Students spend their first semester in Tucson, where they are housed in a dormitory. During the semester, says Gill, they will develop a deeper understanding of the global economy for residents in communities along the border.

“We typically put folks in vans and run them up and down the border, visiting “maquiladoras.” These are sweat shop assembly plants run by American companies on the basis of the very cheap labor provided by Mexican people for about $1.00 per hour.

Gill said, “The semester program was introduced about five years ago to provide more in-depth, long-term opportunities for college students.”

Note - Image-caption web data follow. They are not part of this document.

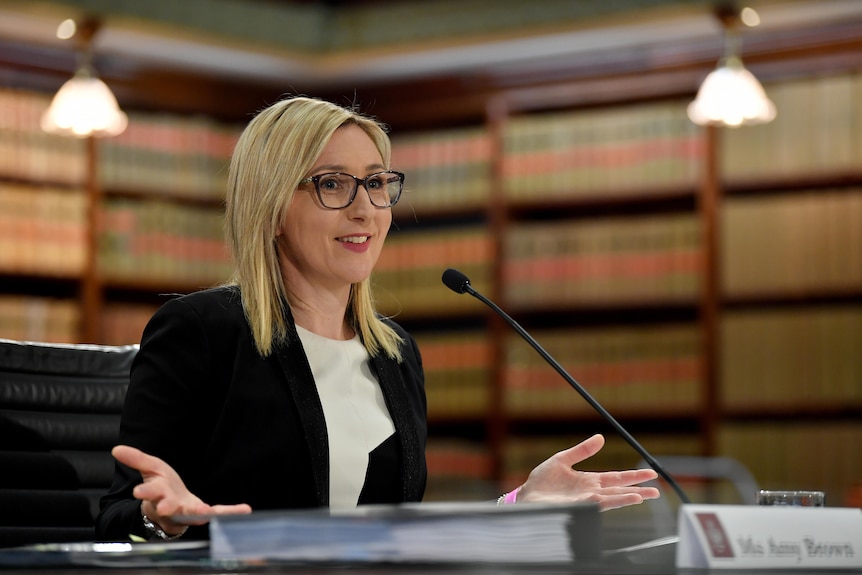 A woman with blonde hair and glasses smiles while sitting behind a microphone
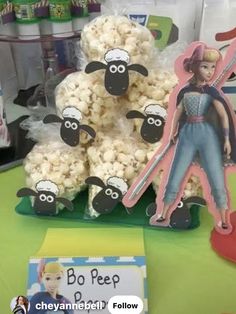 a table topped with lots of popcorn covered in sheep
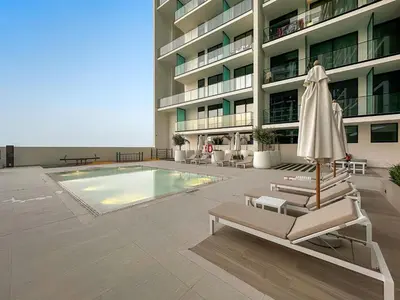 a large building with a pool and chairs and an umbrella at FIRST CLASS Studio Cozy Hideaway in Dubai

The other half of the semester is spent on a Mexican campus, Casa de la Misericordia, where students experience life in Nogales, Sonora. Participants also spend weeks living with local families where living arrangement may vary: hot water and running water may not be available.


The last BorderLinks dinner of the trip (click for a larger image)
The trip is not a relaxing vacation, and it can be physically and emotionally exhausting. Students are exposed to the hardship and poverty of the border.

A day with BorderLinks consists of meetings, viewpoints, and reflection on issues with individuals whose lives been directly affected by the border. Groups get the chance to visit both old and new industrial parks and meet families in Colonia Las Torres, a squatters’ settlement on the edge of Nogales.

“BorderLinks is important,” said Gill, “because the vast majority of North Americans know next to nothing and could care less about the U.S./Mexico border, and this is very bad because it is our border.”

The border area is also one of the most important regions in the world, says Gill. It is fast becoming an international hot spot. And the general concept of borders dominates stories in the morning newspaper – who was here first, who gets to draw the lines.

Brooks says she learned more about the border and economic issues. “I enjoyed the people I met both personally and professionally.”

 
Brooks, her Spanish teacher, and her teacher's daughter
BorderLinks offers 15 semester credits, including five different courses: History of Mexico, Peace and Justice Studies, Liberation Theology, Culture of the Borderlands, and Conversational Spanish at the intermediate and advanced levels.

The cost of the program depends on the student financial aid package.

BorderLinks is funded by the fees it charges participants and by donors’ gifts. “We do sometimes receive grants from various organizations,” Gill said.

The spring semester begins the last week of January and is over in mid-May.